Stainless steel: Recovery of properties after exposure to detrimental phases

Abstract

High alloyed stainless steel provides a desirable combination of corrosion resistance and mechanical properties, being a preferred material when ductility, overall strength and resistance to harsh environments are required. High service temperatures where alloy elements, as chromium and molybdenum, are present, is a well-known recipe for the precipitation of detrimental phases in the material. Even a small amount of these precipitations may impair the mechanical and corrosion properties. The main objective with this thesis is to investigate the possibility to recover the initial properties after detrimental phases have transformed part of the materials microstructure. Different stages of detrimental phases are intentionally provoked to achieve a wider spectra of analysis. In order to quantify the damage and recovery, material is evaluated metallographically and by performing Charpy V-notch impact test, where the first mentioned gives us the exact amount of sub phases that has appeared in the microstructure and the latter gives us an idea of the behavior of the material, due to a sharp decrease in toughness led by the growth of detrimental phases in the given structure. The theory behind steel restructuration proves to be right, showing that the microstructure and any detrimental phases can be dissolved by performing a correct heat treatment at a sufficiently high temperature with the correct cooling. The first material, UNS S32760, is able to recover up to 86% percent of its toughness no matter what the previous exposure to detrimental phases was. All previous detrimental phases retreat when proper heat treatment is applied.
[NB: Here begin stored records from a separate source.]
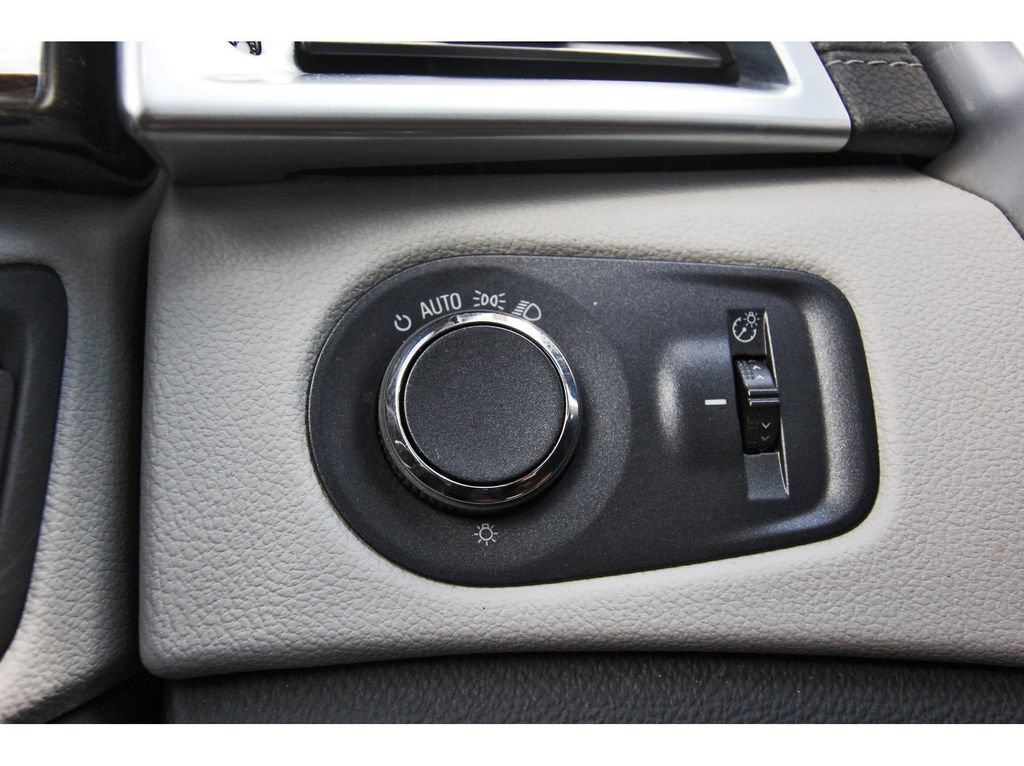 Used 2013 Cadillac SRX Luxury FWD image 19
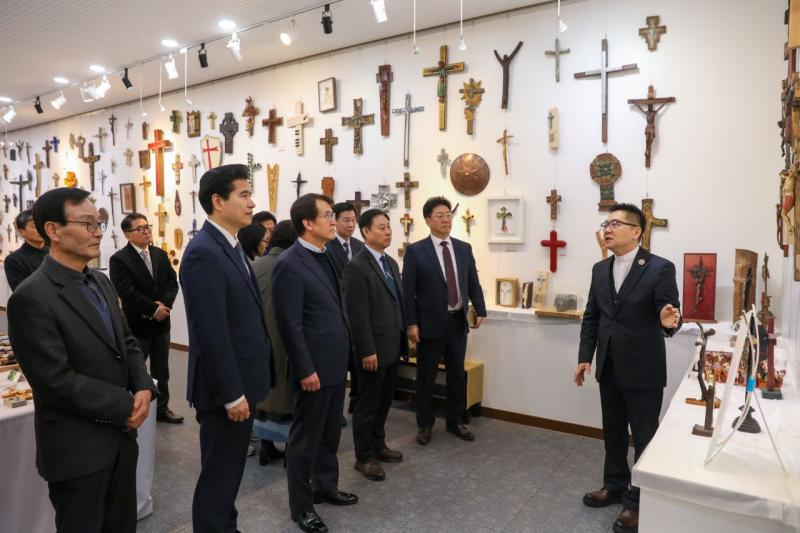 9년 만에 돌아온 ‘십자가 전시’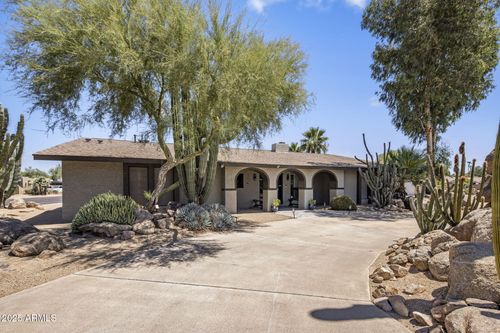 852 W Caribbean Ln, Phoenix, AZ, 85023-5299 | Card Image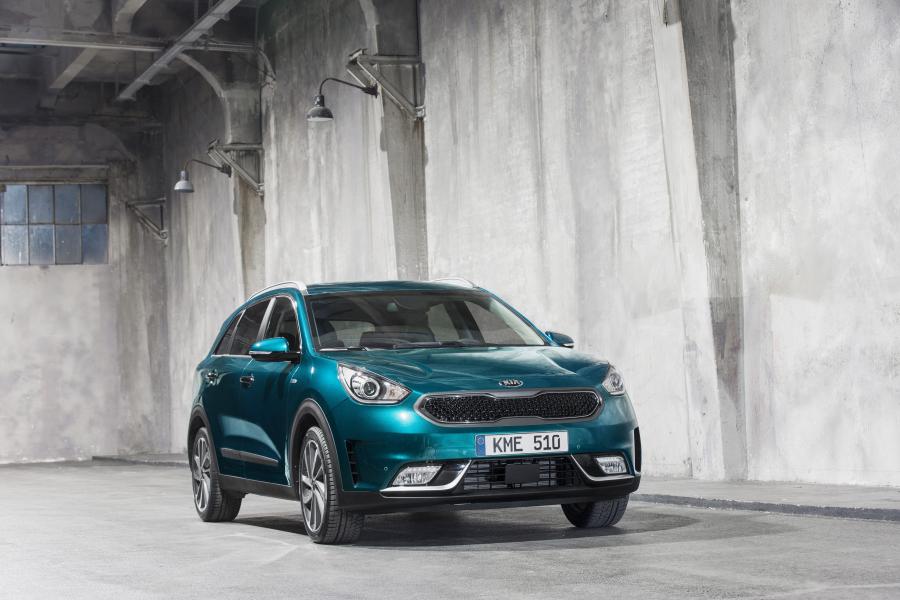  Kia Niro 2016 года  (WW) (фото 11 из 40)
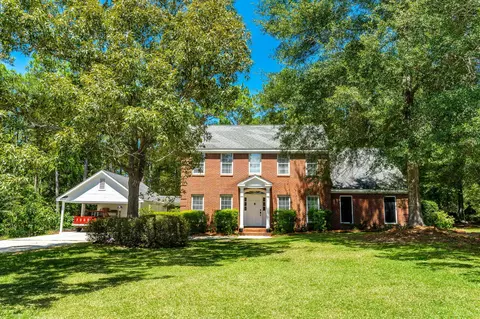45 Ashborough Ln, Hattiesburg, MS 39402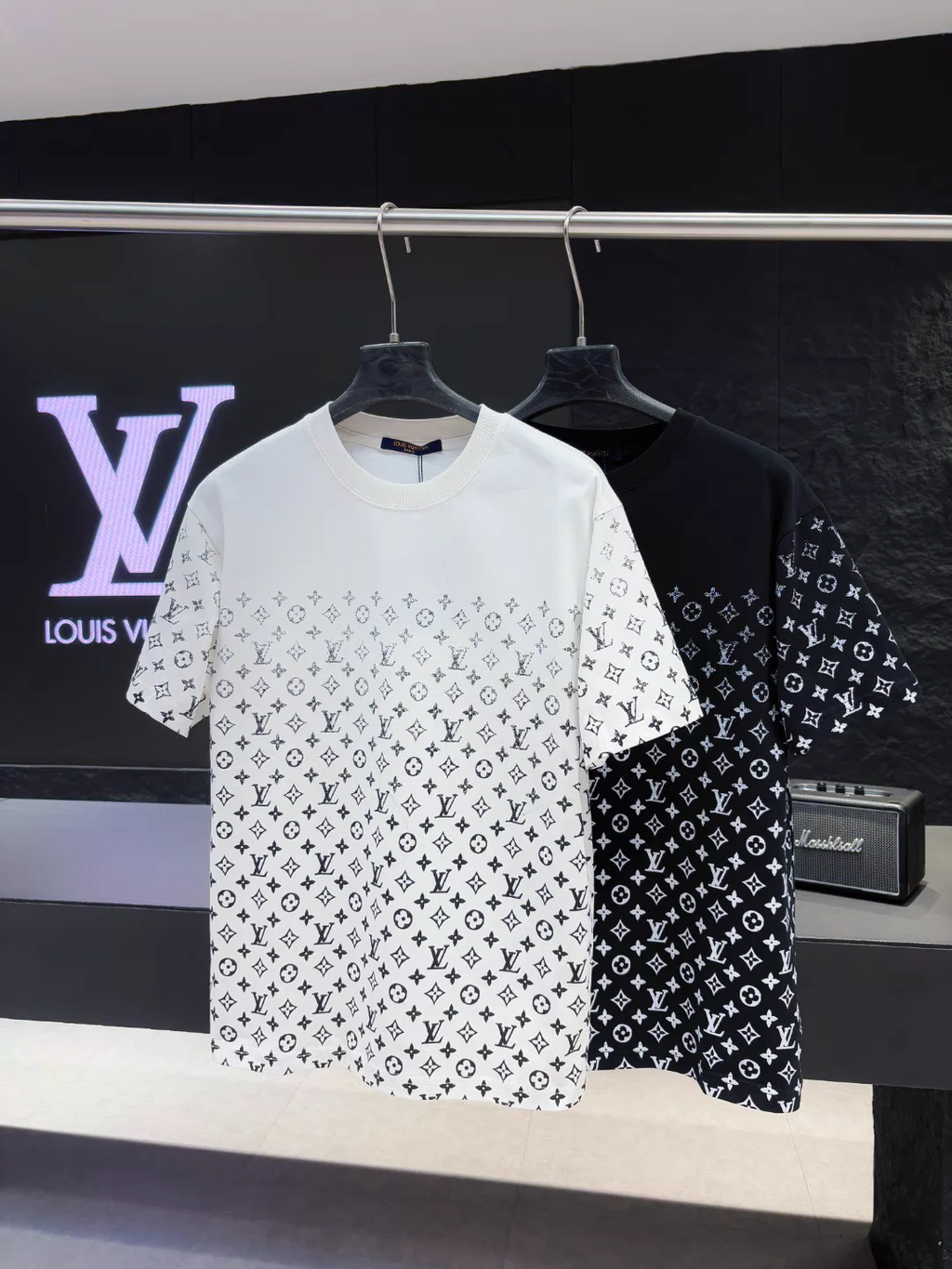 26 New black and white gradient vintage short sleeved T-shirt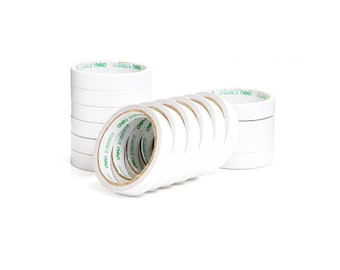Puede incluir: Una colección de rollos de cinta adhesiva de doble cara blancos dispuestos en dos pilas. Cada rollo presenta un núcleo central de cartón con la marca deli impresa en texto verde a lo largo del borde interior de la superficie adhesiva.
The lack of toughness recovery is due to the precipitation of a new detrimental phase, chrome nitride. This precipitation is due to the saturation of nitrogen in ferrite grains when a fast cooling is applied. Samples from the second material, UNS S31254, were subjected to the same heat treatments. Results show lower propensity to formation of detrimental phases and an overall recovery of the microstructure compared to factory standards.